#### Exercise details:
Take the listing below and output it exactly, with no images.
== Information supplied
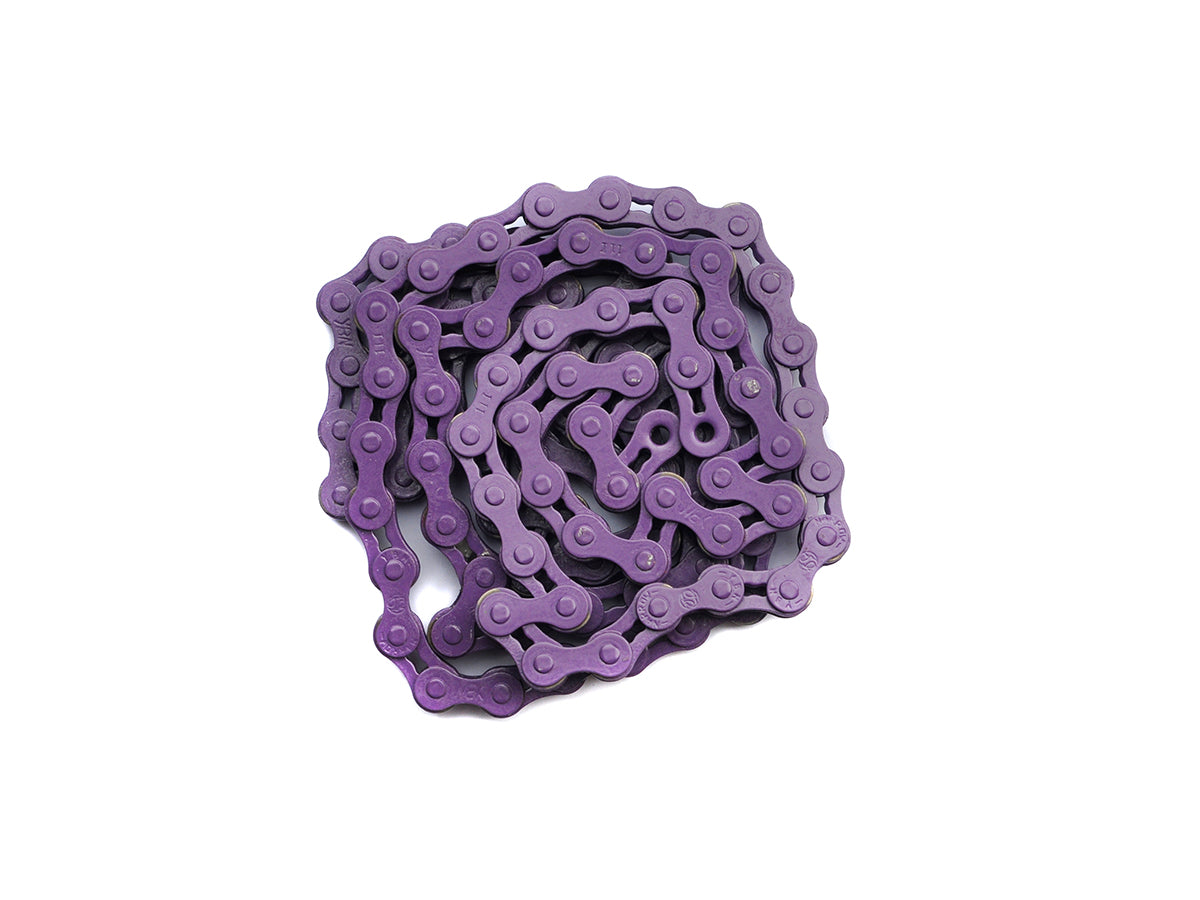 YBN S512H Kette - purple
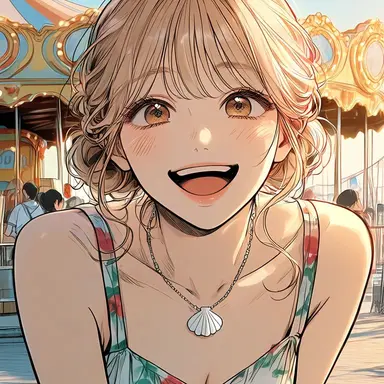 Profile image of Pippa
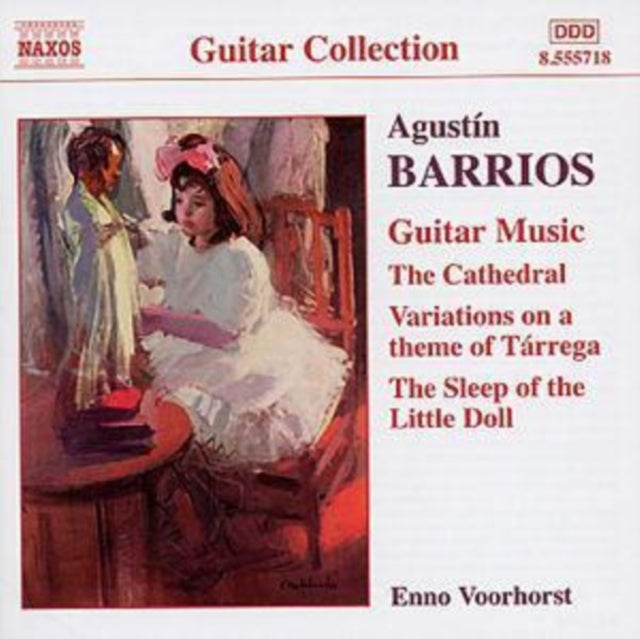 Guitar Works Vol. 2 (Voorhorst)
====
#### Task solution:
 YBN S512H Kette - purple
 Profile image of Pippa
 Guitar Works Vol. 2 (Voorhorst)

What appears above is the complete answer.